Thanks to these technological and cultural forces, Italy, over the 20th century, replaced its sit-down café culture with a stand-up, fast-paced, and energetic one. “As Italy began to craft an image of itself as a unified industrial state…the espresso machine technology of the era facilitated an accelerated café experience in Italian bars relative to the slow, sit-down pace of French cafés,” Doak writes. “In the economic boom of the 1950s, a veritable stand-up espresso culture developed across the Italian peninsula. Standing at the bar in the absence of chairs allowed Italians to celebrate and savor the fruits of the postwar era: Italian industry and espresso that tasted better than ever.”
On the other hand, France in the 20th century held fast to the traditional role cafés had played since the Enlightenment, when the space was a democratic meeting spot frequented by writers, artists, philosophers, and revolutionaries. French citizens “would sit down and discuss their ideas in a setting that blurred the lines between private and public,” Doak explains. In today’s cafés in France, people buy a coffee to enjoy “a prolonged pause,” in part “because of the historical social capital placed on conversation and on a methodical — albeit lengthy — digestion of the day’s events…and reflections on the world at hand.”
Doak extends his historical analysis to contemporary café culture, which he sees as continuing to evolve in response to national and international trends. Both France and Italy are grappling with globalization and technology, which have pushed the countries toward “new café cultures and toward a new sense of third place,” he argues.
Whereas once they celebrated technological innovation and industrialization, Italians are now resisting what they see as the frantic and impersonal nature of industry, according to Doak. Many Italians have embraced the Slow Food movement, which emphasizes the artistry of coffee beans and its production over quickness. This celebrates the original idea of caffe’ espresso: the individualized cup of coffee, made “expressly” for a single consumer.
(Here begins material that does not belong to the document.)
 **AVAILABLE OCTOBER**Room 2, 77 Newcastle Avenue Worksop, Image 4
So, those chairs? “The chairs were once there; they went away; they might even be coming back,” he writes.
Doak’s personal interest in coffee began as a way to connect with his family, he says. He started drinking coffee when he was eight to be able to participate in after-dinner conversations with his parents and older siblings. (And it didn’t prevent him from falling asleep, he said.)
He began learning French at his high school in Nashville, Tenn., continuing his study at Bowdoin. He also took up Italian at college, and credits the Italian department here with helping him become fluent quickly. (An aside: Doak also speaks Creole, from spending two summers in Haiti.) Majoring in Romance languages and literatures, and minoring in chemistry, Doak plans to attend medical school and become a primary care doctor.
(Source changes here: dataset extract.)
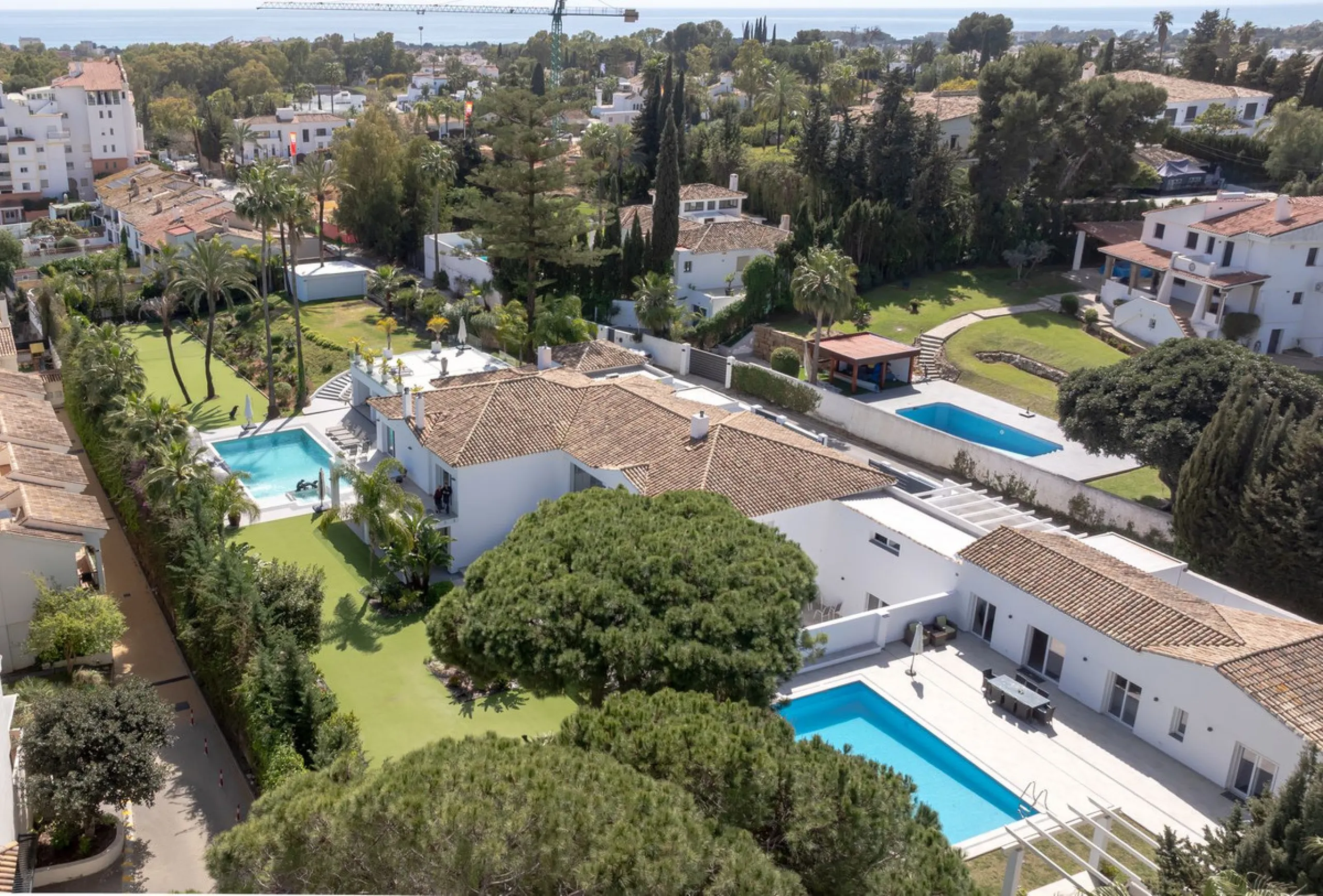 OFFERS OVER €4,000, 000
In fact, he draws a line between his research into cafés with his desire to be a physician. “This thesis is about how certain spaces can create a sense of place, and I would like to think that if and when I become a doctor, I will know how to convey a sense of space where people feel comfortable expressing themselves,” he said.
After graduation, Doak will work as a community health worker for Maine Migrant Health, based in Augusta, Maine, which supports migrants who come to Maine to work the blueberry harvest and for other seasonal agricultural work.